W nowo budowanych czy remontowanych domach do wykańczania ścian możemy stosować tynki cementowo-wapienne z odpowiednią przecierką lub gipsowe tynki oraz gładzie. Największą popularnością cieszą się wyroby gipsowe. Zawdzięczają ją swoim właściwościom oraz łatwości obróbki. Oferta materiałów gipsowych jest bardzo duża. W każdej hurtowni czy sklepie budowlanym znajdziemy kilkanaście wyrobów przeznaczonych do wykańczania ścian. Czym zatem kierować się podczas ich wyboru? Jak z ich pomocą uzyskać gładkie powierzchnie?

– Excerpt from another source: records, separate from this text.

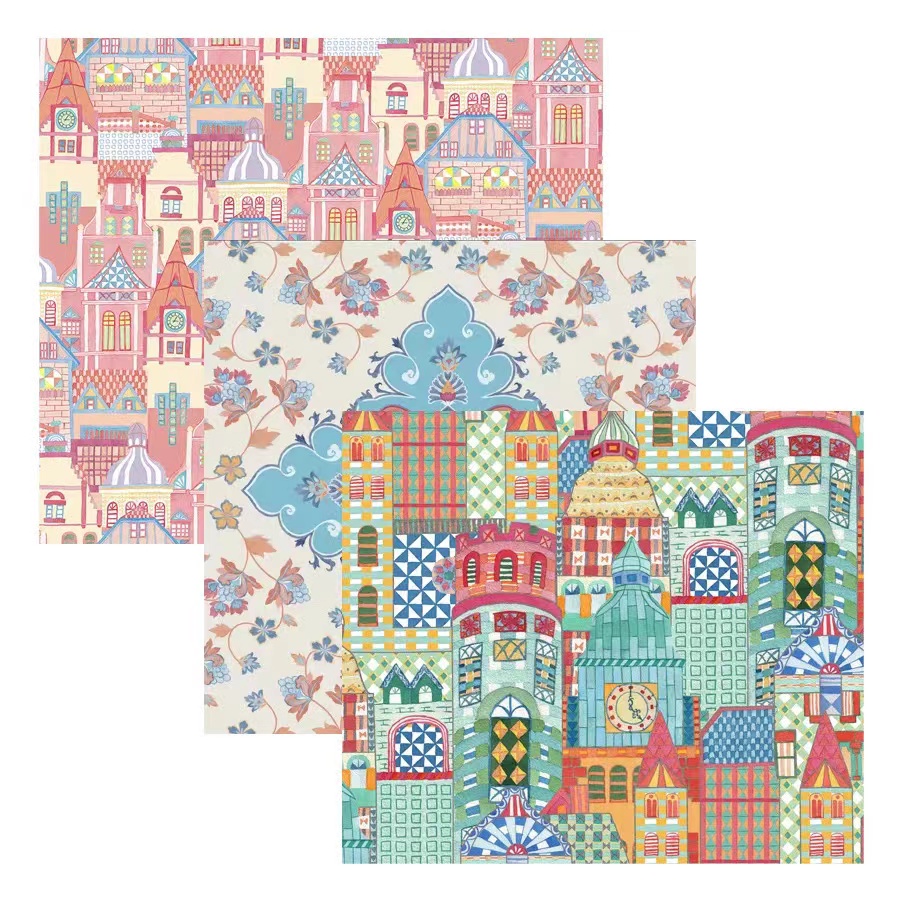 ���������|�����W(xu��)�����칤ˇ�͹żҼ��������u��ӛ����&�����ס�ϵ�аl(f��)����(hu�� )��Cieltown�Ġ�С�2022�ﶬӆ؛��(hu�� )�����u�e��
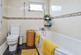 Additional image 12 of Beguildy, Knighton, LD7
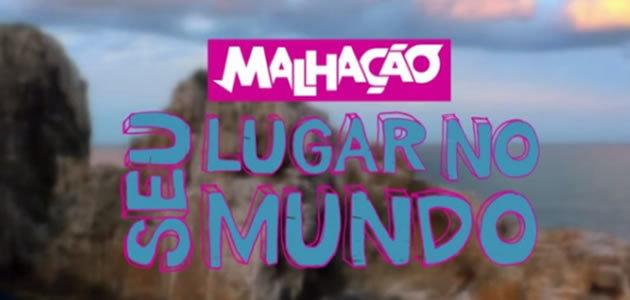 Resumo desta terça-feira (12) da novela “Malhação”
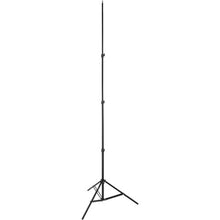 Load image into Gallery viewer, 8 ft. Stand, Air Cushioned, 5/8" 1/4 20 Thread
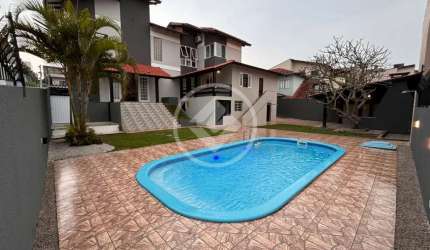 Residência Bairro Jardim Atlântico codigo: 99921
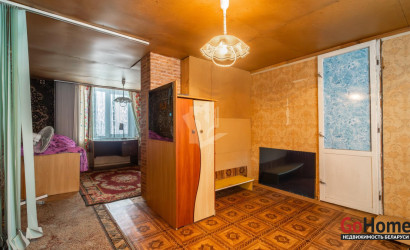 Купить дом в деревне, ВЯСЕЛКА-1, 5 соток. Фото 25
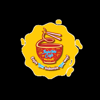 Indomie Cafe - Indomie Cafe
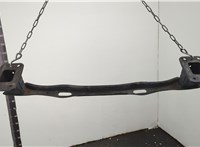 51127158449 Усилитель бампера BMW X5 E70 2006-2013 20585354 #1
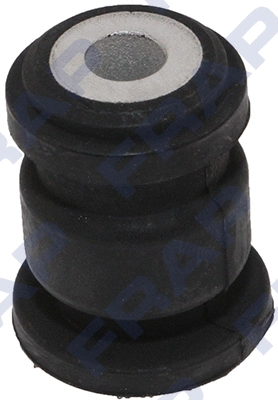 Suspension, bras de liaison FRAP FSB15024
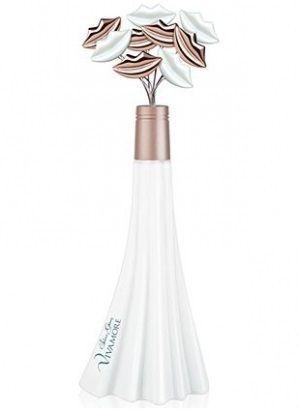 Vivamore by Selena Gomez for Women - Eau de Parfum, 100 ml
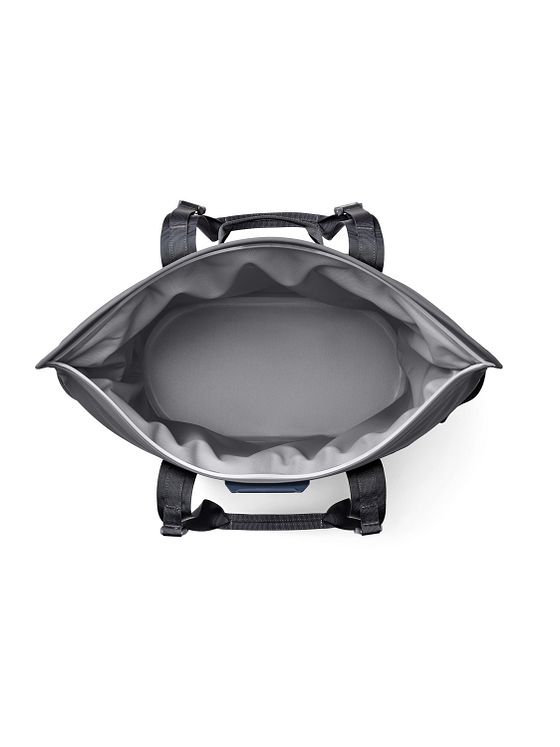 Yeti Hopper Køletaske 64 cm Yeti Hopper Køletaske 64 cm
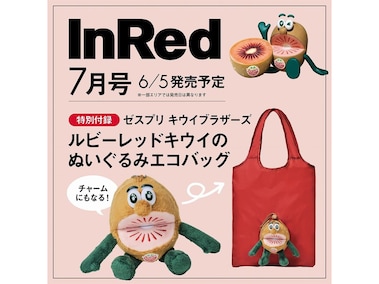 雑誌付録まとめ売り　バッグ、雑貨、メイク用品等 31点 おまけ18点 付録】キャプテンスタッグ「メッシュポケット付きトートバッグ」が付い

Tynki gipsowe są obecnie najczęściej wykorzystywane do wykonywania jednowarstwowych wypraw tynkarskich wewnątrz domu. Pozwalają uzyskać gładką powierzchnię ścian i sufitów bez potrzeby dodatkowego stosowania gładzi. Charakteryzują się niskim współczynnikiem przewodzenia ciepła – na poziomie ok. 0,28 W/(m·K) – dobre właściwości izolacyjne pozwalają oszczędzać energię cieplną. Ponadto to produkty zdrowe i ekologiczne, tworzą mikroklimat przyjazny ludzkiemu organizmowi. Pokryte nimi powierzchnie wykańcza się bezpośrednio farbą lub tapetą. Tynki gipsowe mogą być układane we wszystkich pomieszczeniach – nawet w łazience, pod warunkiem jednak, że wilgotność powietrza nie będzie tam przekraczała 70% i nie będzie się stale utrzymywać (tynki pochłaniają nadmiar wilgoci, ale też szybko ją oddają, gdy powietrze staje się bardziej suche). Jednak lepiej unikać ich układania w miejscach nieustannie narażonych na uszkodzenia mechaniczne, np. garażach, pomieszczeniach gospodarczych czy warsztatach. Tynki gipsowe aplikuje się na wszystkie mineralne, nośne podłoża, np. beton komórkowy, cegły oraz pustaki ceramiczne, silikaty, beton, stare i mocne tynki cementowo-wapienne.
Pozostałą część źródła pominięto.